Patients are advised to limit arm movement for approximately 7 to 10 days following placement of an S-ICD. Adherence to this recommendation could be difficult for the pediatric population overall, and particularly in the case of younger children. In this instance, both the end and stay sutures failed secondary to considerable lead tension during patient stretching.
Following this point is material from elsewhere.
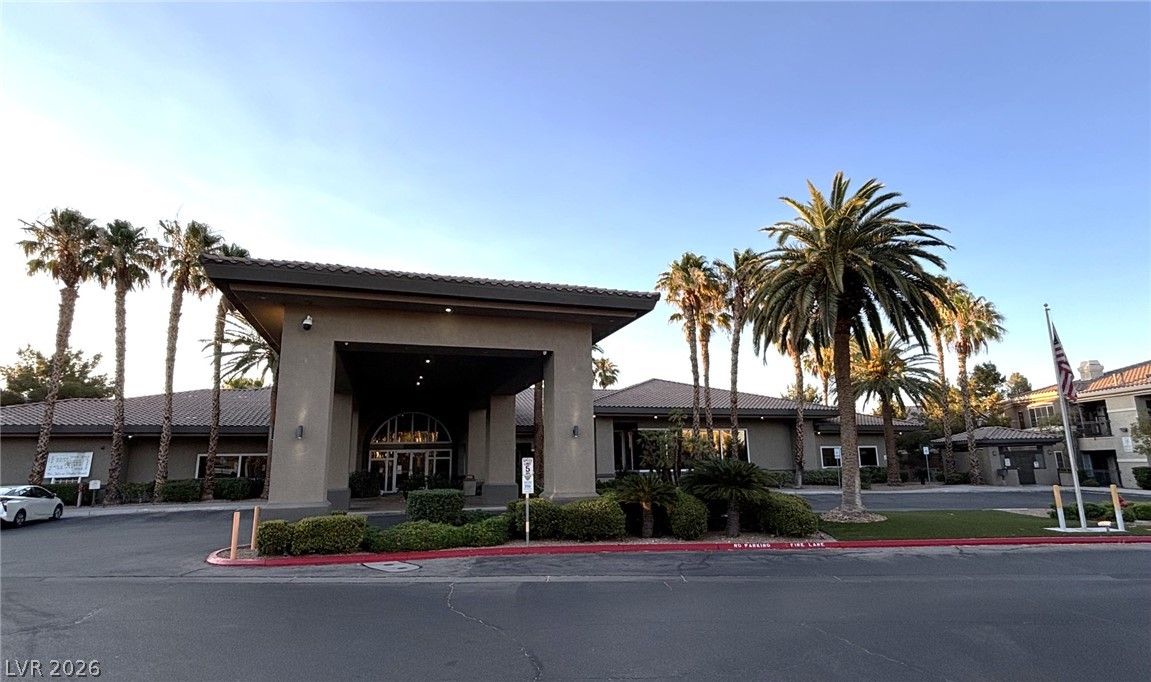 9050 West Warm Springs Road 2035 — photo 2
Therefore, clinicians, particularly pediatric cardiologists, should be familiar with this possible adverse event.
|Study||Patients Implanted||Patients with Lead Migration||Outcome of Lead Migration||Intervention|
|Abkenari, et al.4||31||2 (6.5%)||Inappropriate shocks in one patient; incidental finding in one patient.||Repositioning of wires with addition of dedicated suture sleeve.|
|Aydin, et al.5||40||0 (0%)|
|Bardy, et al.6||52 (in European trials).||6 (11.5%); 2 (minor migration); 3 (parasternal dislodgement due to inadequate anchoring of distal electrode); 1 (lead dislodgement at six months during physical activity).||No intervention listed (for minor); lead reposition within one week for three patients with distal lead dislodgement.|
|Kobe, et al.7||69||0 (0%)|
|lambiase, et al.8||456||4 (<1%)||Two required re-position; two required no action.|
|Olde Nordcamp, et al.9||177||3 (1 cm to 2 cm migration) (1.7%).||Inappropriate sensing; inappropriate shocks in two patients.||Repositioning of wires with addition of suture sleeve.|
|Weiss, et al.2||321||1%*, electrode or generator movement|
*The authors reported that migration did not occur in 99% of patients.